With good reason do I call them bat-chomping, bird-slicing eco-crucifixes – because liquidising avian fauna is about all these monstrosities are good at.

As Oxford University ecologist Clive Hambler reported, the devastation they’re wreaking on the world’s bat population is especially worrying because bats don’t reproduce very quickly.

Bats are what is known as K-selected species: they reproduce very slowly, live a long time and are easy to wipe out. Having evolved with few predators — flying at night helps — bats did very well with this strategy until the modern world. This is why they are so heavily protected by so many conventions and regulations: the biggest threats to their survival are made by us.

And the worst threat of all right now is wind turbines. A recent study in Germany by the Leibniz Institute for Zoo and Wildlife Research showed that bats killed by German turbines may have come from places 1,000 or more miles away. This would suggest that German turbines — which an earlier study claims kill more than 200,000 bats a year — may be depressing populations across the entire northeastern portion of Europe. Some studies in the US have put the death toll as high as 70 bats per installed megawatt per year: with 40,000 MW of turbines currently installed in the US and Canada. This would give an annual death toll of up to three -million.

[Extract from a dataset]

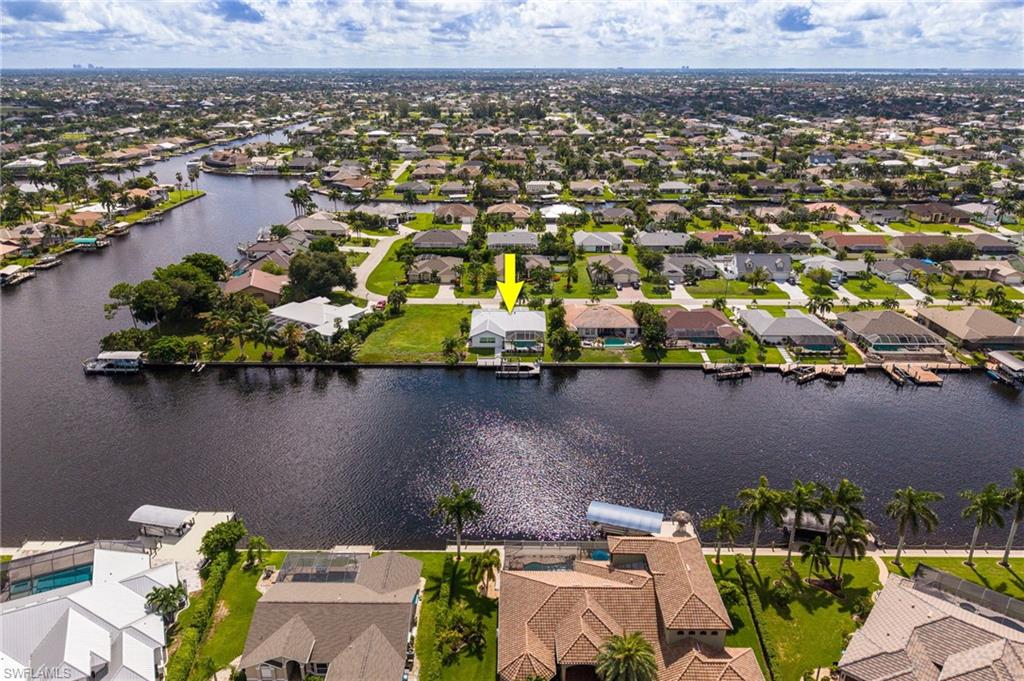 Waterfront property with direct access, featuring a private boat dock, and a spacious lot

So if EU bat protection regulation is so stringent how do any of these wind turbines get planning permission?

Simple. The developer goes to a specialist environmental consultancy whose experts – for a handsome fee – will testify before planning officer that no, in their opinion, the bats are not going to be remotely affected by this particular turbine, in fact they’ll probably love it and breed more as a result.

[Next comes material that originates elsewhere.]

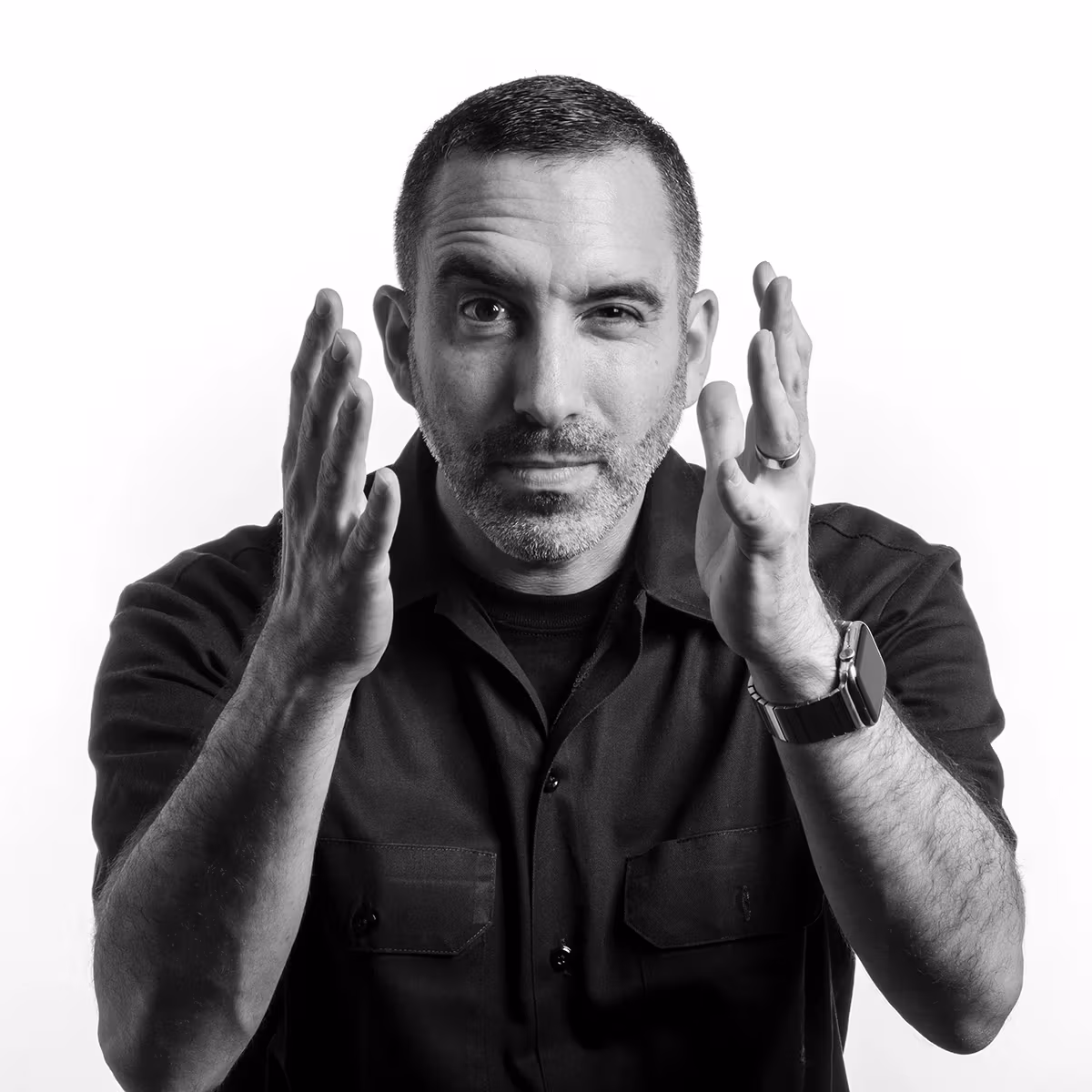 Black and white portrait of a middle-aged man with short dark hair and facial stubble, wearing a dark button-up shirt.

I joke only slightly. One of the many perversions of green ideology is the grotesque hypocrisy it encourages in its adherents: here are people who presumably went to college to study their crappy ecology and environmental sciences degrees out of a passion for nature now abusing their qualification in order to give exactly the kind of greedy developers they ought instinctively to hate a spurious excuse to kill a protected and vulnerable species.

And we haven’t even got on to perhaps the most shaming consequence of all of EU environment policy – the diesel car fiasco which is helping to cause 40,000 premature deaths each year. (This figure is for Britain alone. Add in the rest of the continent and must run into the several hundred).

The full story is laid out in shocking detail by David Rose: despite many warnings from experts that the health hazards of diesel were significantly greater than of petrol, successive British governments incentivised (through the tax system) the growth of diesel car usage because, supposedly, this would be more CO2 friendly. This was in response to EU anti-carbon regulations.

The 1993 report’s lead author, Prof Roy Harrison of Birmingham University, revealed yesterday that in the closing years of John Major’s government in 1996 and 1997, he sat on another committee that advised Whitehall on diesels and the environment.

He said: ‘We recommended that because of the health issues around diesel, instead of giving it tax breaks, duty on diesel fuel should be increased relative to petrol. The Government responded by saying it would be better to do this through vehicle duty. So when I discovered that its successor had done the reverse by effectively cutting duty for diesels, I was very concerned.’

The New Labour government decided to do that in the wake of a 1998 EU directive, which compelled Britain to cut CO2 emissions from vehicles by 25 per cent by 2020.

What I find so extraordinarily dishonest about the Remain campaign is the way it warns with such certainty about Brexit risks which can only, by definition, be hypothetical. Yet the disasters and inconveniences and damage brought about by Britain’s EU membership are not imaginary. They are real and ongoing. In few areas is this more obvious than in environmental policy. Time to leave the sinking ship, pronto.